----- EXERCISE INPUTS
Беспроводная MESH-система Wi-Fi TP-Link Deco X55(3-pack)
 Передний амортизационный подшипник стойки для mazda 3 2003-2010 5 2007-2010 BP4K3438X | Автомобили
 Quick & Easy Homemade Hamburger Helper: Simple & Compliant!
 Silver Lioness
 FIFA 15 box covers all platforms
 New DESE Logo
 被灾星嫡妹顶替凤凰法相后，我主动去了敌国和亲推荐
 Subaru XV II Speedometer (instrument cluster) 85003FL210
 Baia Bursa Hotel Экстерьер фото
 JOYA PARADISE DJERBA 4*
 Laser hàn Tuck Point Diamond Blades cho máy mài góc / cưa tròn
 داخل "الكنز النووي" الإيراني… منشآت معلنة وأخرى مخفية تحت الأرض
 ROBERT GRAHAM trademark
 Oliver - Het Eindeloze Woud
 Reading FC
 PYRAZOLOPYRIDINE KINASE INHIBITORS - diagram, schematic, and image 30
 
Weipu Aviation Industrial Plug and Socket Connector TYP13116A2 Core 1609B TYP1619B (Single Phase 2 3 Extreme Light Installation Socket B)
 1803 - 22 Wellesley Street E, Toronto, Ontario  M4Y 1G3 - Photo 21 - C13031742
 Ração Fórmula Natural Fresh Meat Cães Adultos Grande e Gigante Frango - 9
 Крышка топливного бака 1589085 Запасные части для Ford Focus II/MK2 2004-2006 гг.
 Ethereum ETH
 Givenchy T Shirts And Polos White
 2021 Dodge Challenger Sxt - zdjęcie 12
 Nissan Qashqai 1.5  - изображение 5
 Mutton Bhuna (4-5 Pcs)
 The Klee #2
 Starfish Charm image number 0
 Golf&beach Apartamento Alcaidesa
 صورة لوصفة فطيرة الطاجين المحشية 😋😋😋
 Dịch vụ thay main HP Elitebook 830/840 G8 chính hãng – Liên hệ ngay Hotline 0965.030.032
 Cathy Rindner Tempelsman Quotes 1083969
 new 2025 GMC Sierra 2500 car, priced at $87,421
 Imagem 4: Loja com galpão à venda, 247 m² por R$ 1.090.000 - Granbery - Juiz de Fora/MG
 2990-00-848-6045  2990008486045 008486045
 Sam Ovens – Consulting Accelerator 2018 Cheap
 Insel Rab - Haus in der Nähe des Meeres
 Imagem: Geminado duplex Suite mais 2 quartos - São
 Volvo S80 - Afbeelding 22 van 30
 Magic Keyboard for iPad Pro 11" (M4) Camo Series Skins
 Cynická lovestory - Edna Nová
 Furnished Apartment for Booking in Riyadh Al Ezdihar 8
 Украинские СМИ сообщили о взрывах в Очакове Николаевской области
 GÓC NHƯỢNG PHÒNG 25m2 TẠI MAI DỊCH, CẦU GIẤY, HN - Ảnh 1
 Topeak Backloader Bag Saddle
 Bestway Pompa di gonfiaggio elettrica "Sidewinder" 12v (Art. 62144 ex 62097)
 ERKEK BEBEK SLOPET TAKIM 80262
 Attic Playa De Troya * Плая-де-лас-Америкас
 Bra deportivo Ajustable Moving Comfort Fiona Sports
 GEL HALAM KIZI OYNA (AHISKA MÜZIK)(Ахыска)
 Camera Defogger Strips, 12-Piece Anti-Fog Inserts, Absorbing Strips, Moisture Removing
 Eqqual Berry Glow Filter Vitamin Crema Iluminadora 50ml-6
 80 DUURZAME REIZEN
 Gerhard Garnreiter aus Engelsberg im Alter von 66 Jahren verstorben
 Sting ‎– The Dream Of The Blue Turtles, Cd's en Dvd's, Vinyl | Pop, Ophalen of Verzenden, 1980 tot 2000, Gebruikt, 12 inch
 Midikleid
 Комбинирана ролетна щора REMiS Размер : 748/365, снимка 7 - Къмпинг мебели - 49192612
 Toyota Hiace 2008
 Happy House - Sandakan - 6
----------
Set down verbatim only the lines between the start of the data above and the line with "صورة لوصفة فطيرة الطاجين المحشية 😋😋😋", both boundaries included.

SOLUTION TO THE EXERCISE:
Беспроводная MESH-система Wi-Fi TP-Link Deco X55(3-pack)
 Передний амортизационный подшипник стойки для mazda 3 2003-2010 5 2007-2010 BP4K3438X | Автомобили
 Quick & Easy Homemade Hamburger Helper: Simple & Compliant!
 Silver Lioness
 FIFA 15 box covers all platforms
 New DESE Logo
 被灾星嫡妹顶替凤凰法相后，我主动去了敌国和亲推荐
 Subaru XV II Speedometer (instrument cluster) 85003FL210
 Baia Bursa Hotel Экстерьер фото
 JOYA PARADISE DJERBA 4*
 Laser hàn Tuck Point Diamond Blades cho máy mài góc / cưa tròn
 داخل "الكنز النووي" الإيراني… منشآت معلنة وأخرى مخفية تحت الأرض
 ROBERT GRAHAM trademark
 Oliver - Het Eindeloze Woud
 Reading FC
 PYRAZOLOPYRIDINE KINASE INHIBITORS - diagram, schematic, and image 30
 
Weipu Aviation Industrial Plug and Socket Connector TYP13116A2 Core 1609B TYP1619B (Single Phase 2 3 Extreme Light Installation Socket B)
 1803 - 22 Wellesley Street E, Toronto, Ontario  M4Y 1G3 - Photo 21 - C13031742
 Ração Fórmula Natural Fresh Meat Cães Adultos Grande e Gigante Frango - 9
 Крышка топливного бака 1589085 Запасные части для Ford Focus II/MK2 2004-2006 гг.
 Ethereum ETH
 Givenchy T Shirts And Polos White
 2021 Dodge Challenger Sxt - zdjęcie 12
 Nissan Qashqai 1.5  - изображение 5
 Mutton Bhuna (4-5 Pcs)
 The Klee #2
 Starfish Charm image number 0
 Golf&beach Apartamento Alcaidesa
 صورة لوصفة فطيرة الطاجين المحشية 😋😋😋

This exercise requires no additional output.